1741-03-13, de Voltaire [François Marie Arouet] à Pierre Robert Le Cornier de Cideville.
Devers pâque on doit pardonner
Aux crétiens qui font pénitence:
Je la fais; un si long silence
A de quoy me faire damner.
Donnez moy plénière indulgence.
Après avoir en grand courier
Voiagé pour chercher un sage,
J'ay regagné mon colombier,
Je n'en veux sortir davantage.
J'y trouve ce que j'ay cherché,
J'y vis heureux, j'y suis caché.
Le trône et son fier esclavage,
Ces grandeurs dont on est touché,
Ne valent pas notre hermitage.
Vers les champs hiperboréens
J'ay vu des rois dans la retraitte
Qui se croyoient des Antonins.
J'ay vu s'enfuir leurs bons desseins
Aux premiers sons de la trompette.
Ils ne sont plus rien que des rois,
Ils vont par de sanglants exploits
Prendre ou ravager des provinces.
L'ambition les a soumis.
Moy, j'y renonce, adieu les princes,
Il ne me faut que des amis.

Ce sont surtout des amis, tels que mon cher Cideville, qui sont très au dessus des rois. Vous me direz que j'ay donc grand tort de leur écrire si rarement, mais aussi, il faut m'écouter dans mes deffenses. Malgré ces rois, ces voiages, malgré la phisique qui m'a encor tracassé, malgré ma mauvaise santé, qui est fort étonnée de toute la peine que je donne à mon corps, j'ay voulu rendre Mahomet digne de vous être envoyé. Je l'ay remanié, refondu, repoli depuis le mois de janvier. J'y suis encor. Je le quitte pour vous écrire. Enfin je veux que vous le lisiez tel qu'il est, je veux que vous ayez mes prémices, et que vous me jugiez en premier et dernier ressort. La Noue vous aura mandé sans doute que nos deux Mahomets se sont embrassez à Lile. Je luy lus le mien. Il en parut assez content, mais moy je ne le fus pas, et je ne le seray que quand vous l'aurez lu à tête reposée. Ce la Noue me paroît un très honnête garçon et digne de l'amitié dont vous l;honorez. Il faut que melle Gautier ait récompensé en luy la vertu, car ce n'est pas à la figure qu'elle s'étoit donnée, mais à la fin elle s'est lassée de rendre justice au mérite.
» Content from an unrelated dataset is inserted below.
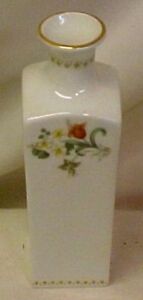 楽天hokushin【送料無料】キッチン用品・食器・調理器具・陶器　ウェッウッドミラベルバッド花瓶Wedgwood MIRABELLE Bud Vase　5 1/4 NICE .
Or mandez moy mon cher amy comment il faut s'y prendre pour vous faire tenir mon manuscript. Je ne sçai si vous avez reçu l'Antimachiavel que j'envoyay pour vous à Praut, le libraire, à Paris. Je le soupçonne d'être avec les autres dans la chambre infernale qu'on nomme sindicale. Il est plaisant que le Machiavel soit permis et que L'antidote soit de contrebande. Je ne sçais pas pourquoy on veut cacher aux hommes qu;il y a un roy qui a donné aux hommes des leçons de vertu. Il est vray que l'invasion de la Silesie est un héroïsme d'une autre espèce que celuy de la modération tant prêchée dans l'Antimachiavel. La chatte métamorphosée en femme court aux souris dès qu'elle en voit, et le prince jette son manteau de philosophe et prend l'épée dès qu'il voit une province à sa bienséance.

Puis fiez vous à la philosofie.

Il n'y a que la philosophe madame du Chastellet dont je ne me défie pas. Celle là est constante dans ses principes, et plus fidèle encor à ses amis qu'à Leibnits.

Apropos monsieur le conseiller vous saurez que cette philosofe a gagné un préliminaire de son procez fort important, et qui paraissoit désespéré. Son courage et son esprit l'ont bien aidée. Enfin je crois que nous sortirons heureusement du labirinthe de la chicane où nous sommes.

Mais vous que faites vous, où êtes vous?

Quœ circumvolitas agilis thima? Mandez un peu de vos nouvelles au plus ancient et au meilleur de vos amis. Bon jour mon très cher Cideville, madame du Chastellet vous fait mille compliments.